> [PROBLEM] Don't include any picture when you restate the data word for word.

> [DATA EXCERPT]
((

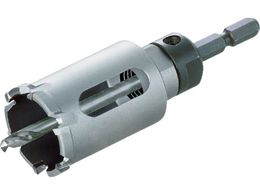 匩 DHSz[Jb^[ 25mm DHS25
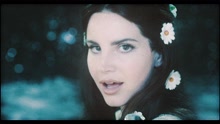 Lana Del Rey - Love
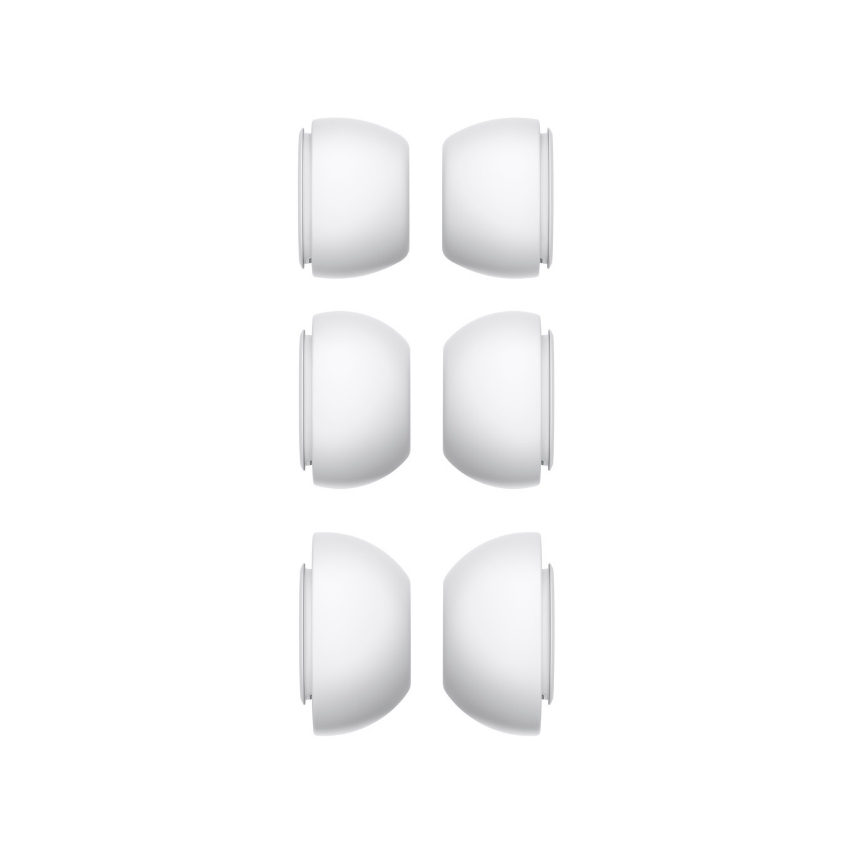 APPLE AIRPODS PRO 3 EAR TIPS (OEM)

))

> [WRITTEN RESPONSE]
 匩 DHSz[Jb^[ 25mm DHS25
 Lana Del Rey - Love
 APPLE AIRPODS PRO 3 EAR TIPS (OEM)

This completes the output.